= Work to complete =
Transcribe only the lines between the first line of the records and the line containing "Apartament de vânzare", inclusive, exactly as written.

Records from a dataset
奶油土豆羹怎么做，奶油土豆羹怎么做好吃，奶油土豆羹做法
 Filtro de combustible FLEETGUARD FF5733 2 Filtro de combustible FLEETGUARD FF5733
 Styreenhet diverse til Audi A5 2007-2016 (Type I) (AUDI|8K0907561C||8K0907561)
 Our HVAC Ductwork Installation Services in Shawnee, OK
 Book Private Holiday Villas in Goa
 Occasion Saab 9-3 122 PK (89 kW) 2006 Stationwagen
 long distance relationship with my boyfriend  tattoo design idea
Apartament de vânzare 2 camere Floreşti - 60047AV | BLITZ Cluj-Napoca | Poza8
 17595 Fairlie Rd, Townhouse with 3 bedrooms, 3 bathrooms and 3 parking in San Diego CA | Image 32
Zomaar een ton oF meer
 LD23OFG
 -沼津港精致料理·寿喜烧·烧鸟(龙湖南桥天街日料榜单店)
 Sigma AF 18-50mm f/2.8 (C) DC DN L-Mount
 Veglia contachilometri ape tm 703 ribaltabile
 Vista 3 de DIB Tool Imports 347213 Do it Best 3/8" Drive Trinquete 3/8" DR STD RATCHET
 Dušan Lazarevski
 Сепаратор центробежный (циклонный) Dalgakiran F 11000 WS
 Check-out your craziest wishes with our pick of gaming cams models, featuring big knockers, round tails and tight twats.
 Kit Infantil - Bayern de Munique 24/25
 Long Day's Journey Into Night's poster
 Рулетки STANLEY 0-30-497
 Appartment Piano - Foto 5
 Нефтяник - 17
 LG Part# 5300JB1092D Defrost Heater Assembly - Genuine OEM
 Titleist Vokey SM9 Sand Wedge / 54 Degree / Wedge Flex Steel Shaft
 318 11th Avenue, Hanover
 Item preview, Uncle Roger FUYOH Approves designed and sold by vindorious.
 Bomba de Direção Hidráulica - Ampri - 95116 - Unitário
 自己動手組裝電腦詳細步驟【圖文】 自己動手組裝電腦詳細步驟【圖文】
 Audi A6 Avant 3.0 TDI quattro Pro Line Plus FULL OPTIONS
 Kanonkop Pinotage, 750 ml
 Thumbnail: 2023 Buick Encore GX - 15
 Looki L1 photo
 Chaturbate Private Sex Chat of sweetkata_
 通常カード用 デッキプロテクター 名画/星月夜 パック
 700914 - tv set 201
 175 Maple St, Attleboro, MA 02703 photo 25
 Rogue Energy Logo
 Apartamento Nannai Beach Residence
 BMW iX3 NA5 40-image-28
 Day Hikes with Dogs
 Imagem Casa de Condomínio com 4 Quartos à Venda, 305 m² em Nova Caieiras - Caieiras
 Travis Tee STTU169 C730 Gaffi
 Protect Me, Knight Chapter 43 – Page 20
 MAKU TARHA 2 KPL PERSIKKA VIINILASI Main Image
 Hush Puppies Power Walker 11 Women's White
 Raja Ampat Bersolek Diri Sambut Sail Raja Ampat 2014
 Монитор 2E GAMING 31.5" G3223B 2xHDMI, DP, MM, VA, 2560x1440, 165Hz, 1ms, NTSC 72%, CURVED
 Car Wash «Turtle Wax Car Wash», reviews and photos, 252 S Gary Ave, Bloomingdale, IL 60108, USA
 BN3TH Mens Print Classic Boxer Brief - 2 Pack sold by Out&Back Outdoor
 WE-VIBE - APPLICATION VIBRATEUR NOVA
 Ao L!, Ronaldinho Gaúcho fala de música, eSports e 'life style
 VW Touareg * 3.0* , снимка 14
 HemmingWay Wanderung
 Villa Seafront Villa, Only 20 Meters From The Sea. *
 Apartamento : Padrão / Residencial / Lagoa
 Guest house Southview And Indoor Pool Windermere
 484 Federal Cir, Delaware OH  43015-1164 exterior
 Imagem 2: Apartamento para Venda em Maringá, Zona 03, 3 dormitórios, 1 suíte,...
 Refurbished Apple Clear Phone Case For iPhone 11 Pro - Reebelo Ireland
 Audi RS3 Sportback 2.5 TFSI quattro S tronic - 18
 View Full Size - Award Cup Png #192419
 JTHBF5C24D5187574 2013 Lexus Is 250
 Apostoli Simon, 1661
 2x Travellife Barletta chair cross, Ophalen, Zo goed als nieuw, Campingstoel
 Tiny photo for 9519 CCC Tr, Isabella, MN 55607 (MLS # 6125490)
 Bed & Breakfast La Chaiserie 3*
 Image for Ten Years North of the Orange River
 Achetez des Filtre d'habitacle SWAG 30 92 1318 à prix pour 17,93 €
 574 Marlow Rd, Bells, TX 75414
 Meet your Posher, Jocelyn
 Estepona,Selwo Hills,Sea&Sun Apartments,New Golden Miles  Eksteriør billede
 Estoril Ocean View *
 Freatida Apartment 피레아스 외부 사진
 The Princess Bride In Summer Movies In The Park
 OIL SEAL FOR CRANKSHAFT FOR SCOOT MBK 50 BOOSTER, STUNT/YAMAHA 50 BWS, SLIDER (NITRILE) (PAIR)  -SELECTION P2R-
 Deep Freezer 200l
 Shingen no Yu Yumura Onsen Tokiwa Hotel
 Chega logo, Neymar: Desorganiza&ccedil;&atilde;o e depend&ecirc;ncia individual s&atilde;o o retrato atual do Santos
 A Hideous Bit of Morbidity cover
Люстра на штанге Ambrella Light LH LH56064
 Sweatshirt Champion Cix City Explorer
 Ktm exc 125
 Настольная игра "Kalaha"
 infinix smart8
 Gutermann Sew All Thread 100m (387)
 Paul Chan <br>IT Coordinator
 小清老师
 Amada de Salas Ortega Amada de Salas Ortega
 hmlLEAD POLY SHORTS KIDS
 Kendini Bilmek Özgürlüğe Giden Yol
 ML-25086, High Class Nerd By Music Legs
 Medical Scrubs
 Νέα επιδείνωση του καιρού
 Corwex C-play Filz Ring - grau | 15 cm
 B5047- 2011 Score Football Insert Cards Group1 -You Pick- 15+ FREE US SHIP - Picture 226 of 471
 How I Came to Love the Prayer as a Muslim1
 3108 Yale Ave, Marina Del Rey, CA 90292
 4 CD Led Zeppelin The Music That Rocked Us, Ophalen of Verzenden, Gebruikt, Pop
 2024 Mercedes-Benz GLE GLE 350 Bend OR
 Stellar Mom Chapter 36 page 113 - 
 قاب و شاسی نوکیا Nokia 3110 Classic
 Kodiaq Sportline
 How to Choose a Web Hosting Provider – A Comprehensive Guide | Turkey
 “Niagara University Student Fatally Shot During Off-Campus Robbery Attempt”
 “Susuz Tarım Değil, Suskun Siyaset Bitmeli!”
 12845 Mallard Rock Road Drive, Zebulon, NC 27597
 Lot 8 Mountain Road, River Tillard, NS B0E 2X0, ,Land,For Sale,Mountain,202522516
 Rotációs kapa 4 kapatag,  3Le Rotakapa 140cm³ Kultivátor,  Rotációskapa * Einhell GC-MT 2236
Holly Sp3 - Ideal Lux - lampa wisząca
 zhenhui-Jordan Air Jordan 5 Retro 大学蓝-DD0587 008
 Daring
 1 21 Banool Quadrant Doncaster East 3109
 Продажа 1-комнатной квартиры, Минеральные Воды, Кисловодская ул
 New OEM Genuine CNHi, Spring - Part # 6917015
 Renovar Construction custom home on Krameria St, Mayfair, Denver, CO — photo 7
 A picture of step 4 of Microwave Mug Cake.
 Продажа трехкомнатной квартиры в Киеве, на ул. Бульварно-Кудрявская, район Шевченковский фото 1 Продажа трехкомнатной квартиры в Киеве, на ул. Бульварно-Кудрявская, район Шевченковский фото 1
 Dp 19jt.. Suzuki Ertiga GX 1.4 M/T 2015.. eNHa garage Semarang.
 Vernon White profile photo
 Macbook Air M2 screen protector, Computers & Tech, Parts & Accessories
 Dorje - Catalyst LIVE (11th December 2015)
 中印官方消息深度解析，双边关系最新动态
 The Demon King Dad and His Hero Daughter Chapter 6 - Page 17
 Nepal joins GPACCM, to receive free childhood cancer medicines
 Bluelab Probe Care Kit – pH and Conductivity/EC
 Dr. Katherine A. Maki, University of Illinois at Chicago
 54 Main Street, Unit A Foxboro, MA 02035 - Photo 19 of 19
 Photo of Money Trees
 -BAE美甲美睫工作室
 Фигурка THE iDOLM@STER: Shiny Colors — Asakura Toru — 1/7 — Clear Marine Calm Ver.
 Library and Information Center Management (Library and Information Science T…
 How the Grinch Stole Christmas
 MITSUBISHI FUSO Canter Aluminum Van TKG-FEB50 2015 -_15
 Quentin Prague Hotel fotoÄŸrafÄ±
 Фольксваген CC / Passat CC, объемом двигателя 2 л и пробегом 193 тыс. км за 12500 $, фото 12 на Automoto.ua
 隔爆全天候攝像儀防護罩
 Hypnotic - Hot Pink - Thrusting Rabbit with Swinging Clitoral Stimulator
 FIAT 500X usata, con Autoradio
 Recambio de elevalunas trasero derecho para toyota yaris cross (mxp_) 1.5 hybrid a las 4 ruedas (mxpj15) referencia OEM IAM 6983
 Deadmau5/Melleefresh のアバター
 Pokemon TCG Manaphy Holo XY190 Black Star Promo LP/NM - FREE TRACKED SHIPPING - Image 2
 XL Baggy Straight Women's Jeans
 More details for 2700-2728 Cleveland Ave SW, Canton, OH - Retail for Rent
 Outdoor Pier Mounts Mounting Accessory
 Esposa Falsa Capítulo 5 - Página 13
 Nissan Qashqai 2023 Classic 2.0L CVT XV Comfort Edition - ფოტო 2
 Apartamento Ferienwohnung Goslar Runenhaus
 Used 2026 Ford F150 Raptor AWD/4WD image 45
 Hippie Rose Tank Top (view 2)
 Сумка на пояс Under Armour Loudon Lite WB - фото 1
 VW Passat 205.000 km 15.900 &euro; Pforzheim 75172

= Result below =
奶油土豆羹怎么做，奶油土豆羹怎么做好吃，奶油土豆羹做法
 Filtro de combustible FLEETGUARD FF5733 2 Filtro de combustible FLEETGUARD FF5733
 Styreenhet diverse til Audi A5 2007-2016 (Type I) (AUDI|8K0907561C||8K0907561)
 Our HVAC Ductwork Installation Services in Shawnee, OK
 Book Private Holiday Villas in Goa
 Occasion Saab 9-3 122 PK (89 kW) 2006 Stationwagen
 long distance relationship with my boyfriend  tattoo design idea
Apartament de vânzare 2 camere Floreşti - 60047AV | BLITZ Cluj-Napoca | Poza8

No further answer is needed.